Un nouveau régime d'historicité a pris forme dans la seconde moitié du 20ème siècle. La catégorie du présent monte sur tous les fronts. Tout se dit au présent, y compris l'histoire : on parle d'"histoire du temps présent".
Dans la pensée des Temps modernes, le présent était sacrifié au profit d'un idéal de perfectibilité et de progrès. Il n'était que la veille du lendemain. Entre l'expérience actuelle et l'attente, il y avait asymétrie : l'attente était valorisée. Avec le présentisme, cet évolutionnisme qui naturalise le temps est menacé par la notion d'une histoire plurielle, une histoire qui joue aux dés ou qui favorise l'entropie. C'est une crise du temps, une perte d'articulation entre passé, présent et futur. Entre l'expérience et l'attente, il y a rupture. Nous vivons entre deux abîmes : un passé inutile et un avenir sans figure, qu'on cherche à maîtriser en y projetant la situation présente. L'engendrement du temps historique semble suspendu. Le présent, quoique valorisé, est insaisissable et perpétuel. L'économie médiatique ne cesse de jeter en avant, dans l'urgence, de l'événement chargé d'émotion mais déjà dépassé. Elle tend à produire son propre temps historique, ce qui revient à nier le temps.

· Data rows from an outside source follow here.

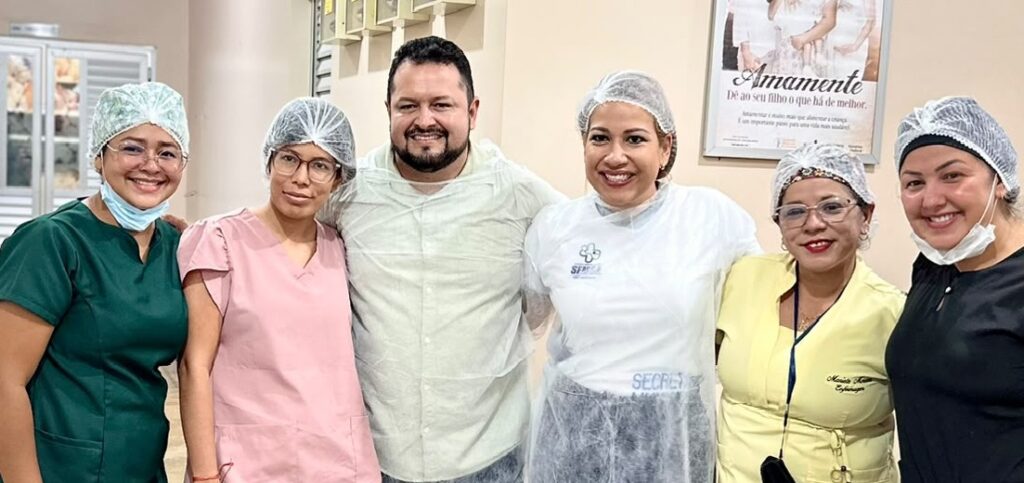 Saúde de Borba alcança excelência e se estabelece entre os 10 municípios mais bem avaliados em atenção primária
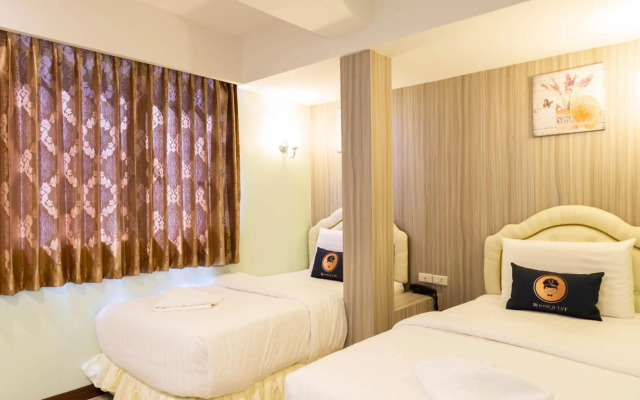 RoomQuest Suvarnabhumi Airport Rom Klao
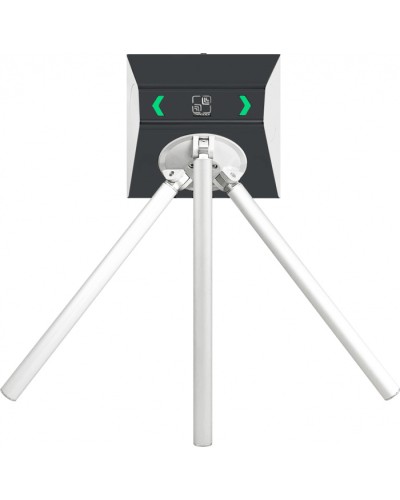 CARDDEX Двухпроходной турникет STL-04E в Калининграде Турникеты Pintop.ru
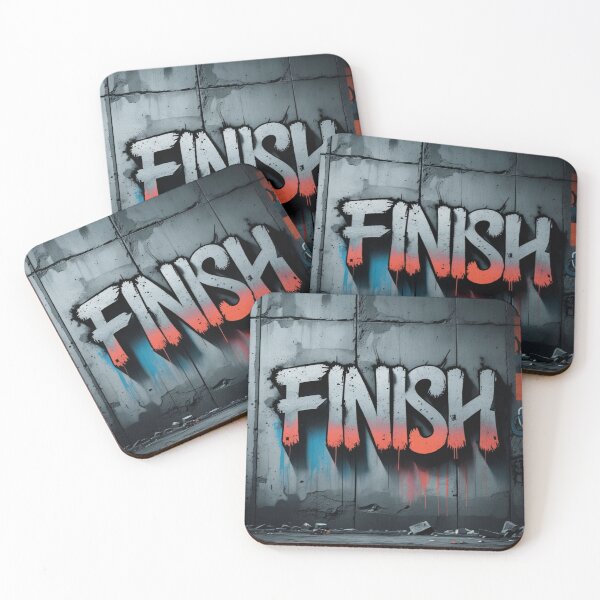Item preview, Finish 48 designed and sold by Zeir Shop.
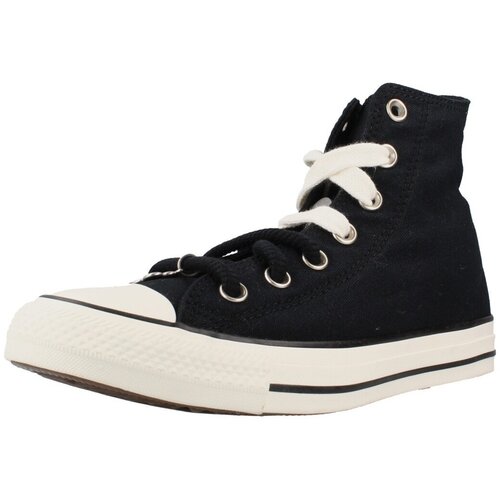 Converse Modne superge A23878c Črna Slike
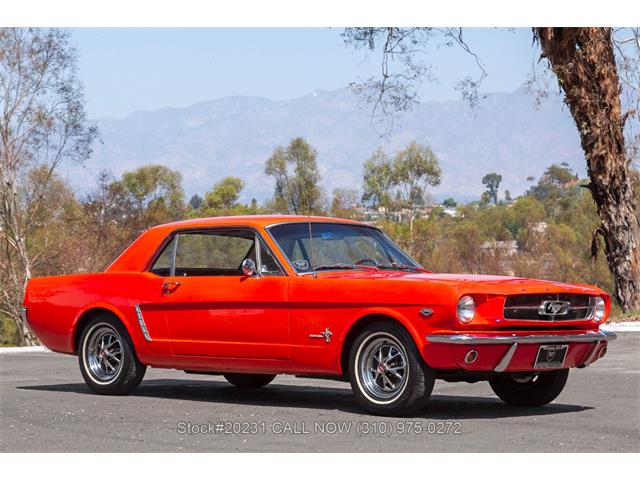 1965 Ford Mustang (CC-2113882) for sale in Beverly Hills, California
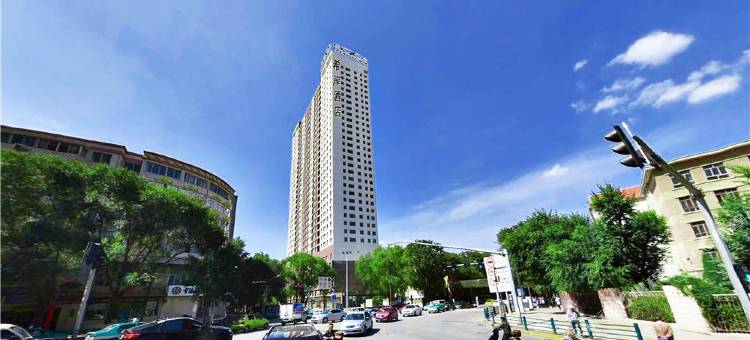 希岸酒店(西宁大什字中心广场店)图片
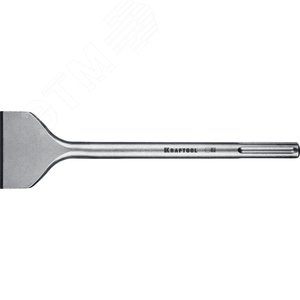 KRAFTOOL ALLIGATOR, 80 х 300 мм, SDS-max, плоское широкое зубило (29335-80-300)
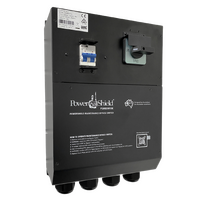 PowerShield MBS Wrap Around Push Button Wall Mount 10K 1-1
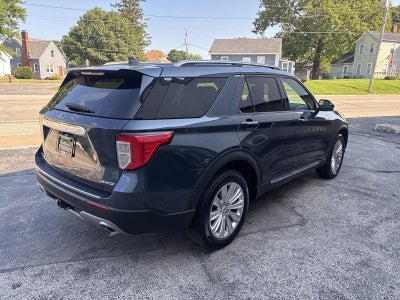 2024 Ford Explorer Limited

On peut dire de l'histoire ce qu'on dit des avant-gardes : elle apparaît comme une succession d'événements qui s'auto-historicisent et s'auto-commémorent. Exemple : le 11 septembre [2001].
Le temps courant est modifié. Il prend l'aspect d'un objet de consommation. L'espace, modifié lui aussi depuis Manet, devient théatral, il se vocalise.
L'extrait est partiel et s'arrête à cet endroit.